THE PROBLEM: All of the data should be copied exactly, with the pictures left out.

THE DATA:
● ● ● ● ● ● ●

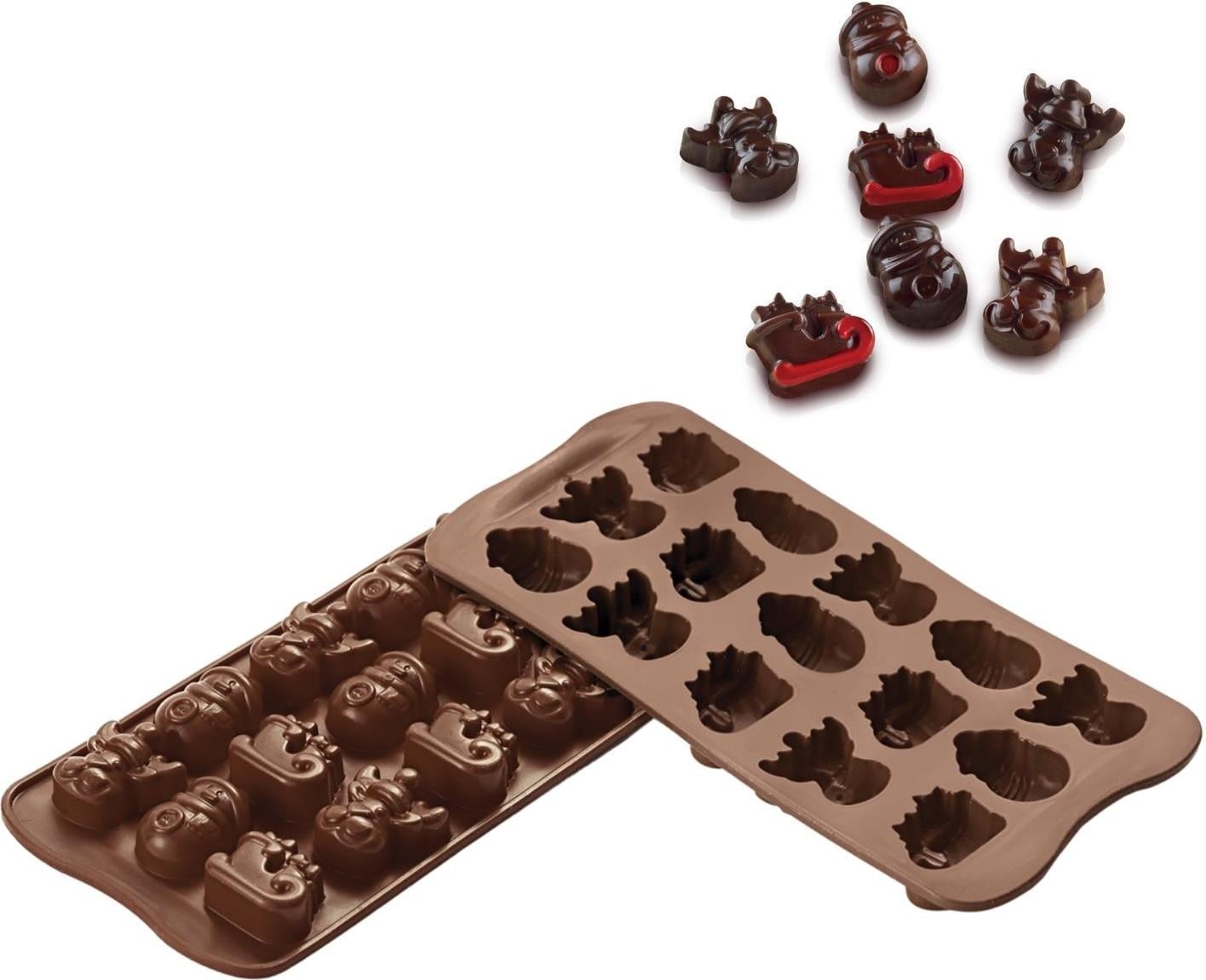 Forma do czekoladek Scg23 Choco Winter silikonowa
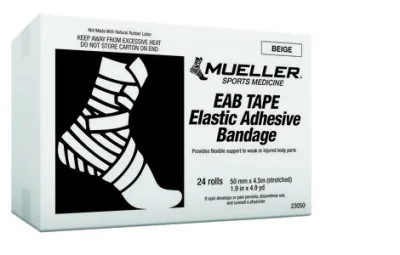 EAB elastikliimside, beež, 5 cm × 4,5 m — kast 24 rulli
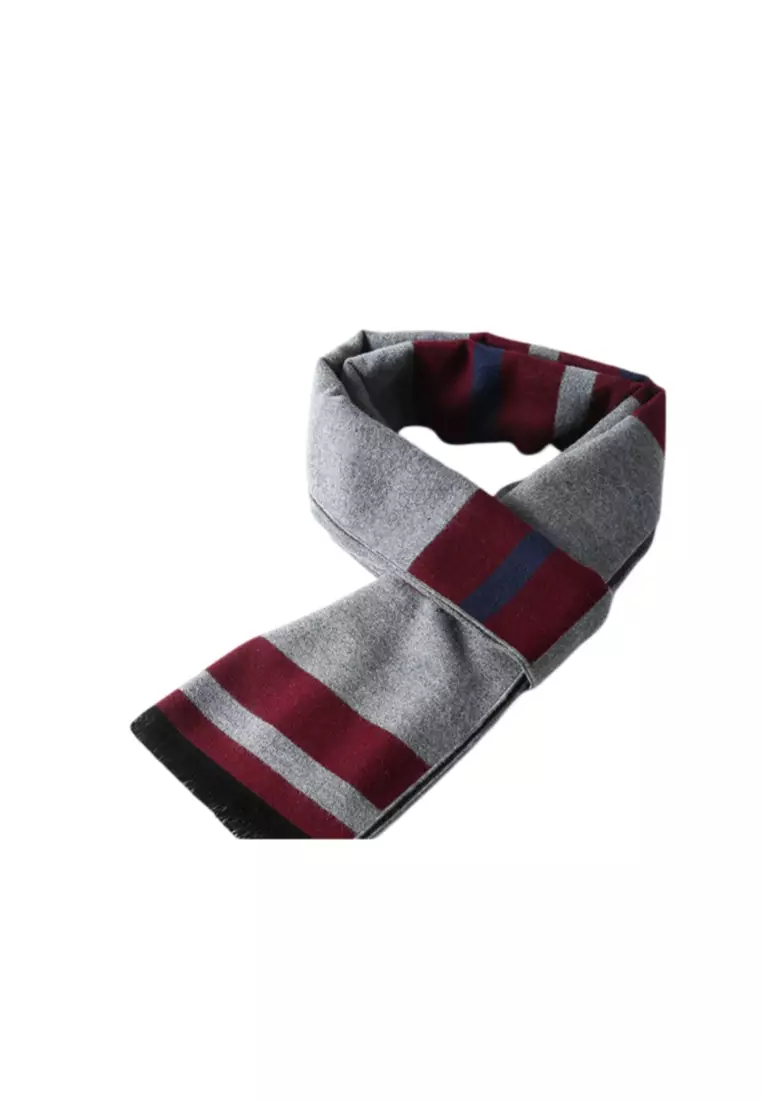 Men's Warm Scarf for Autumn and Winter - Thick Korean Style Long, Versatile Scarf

● ● ● ● ● ● ●

EXERCISE OUTPUT:
 Forma do czekoladek Scg23 Choco Winter silikonowa
 EAB elastikliimside, beež, 5 cm × 4,5 m — kast 24 rulli
 Men's Warm Scarf for Autumn and Winter - Thick Korean Style Long, Versatile Scarf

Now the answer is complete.